Look through the entries below and extract exactly the lines from the one containing "Foto del edificio" through the one containing "Foulard & Sciarpe: Scarf", ends included.
START Data provided
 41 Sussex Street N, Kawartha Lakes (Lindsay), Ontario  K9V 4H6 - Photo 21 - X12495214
END Data provided
START Data provided
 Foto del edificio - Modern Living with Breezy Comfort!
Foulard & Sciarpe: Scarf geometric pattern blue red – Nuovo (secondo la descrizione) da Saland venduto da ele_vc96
END Data provided
● Result for this task
 Foto del edificio - Modern Living with Breezy Comfort!
Foulard & Sciarpe: Scarf geometric pattern blue red – Nuovo (secondo la descrizione) da Saland venduto da ele_vc96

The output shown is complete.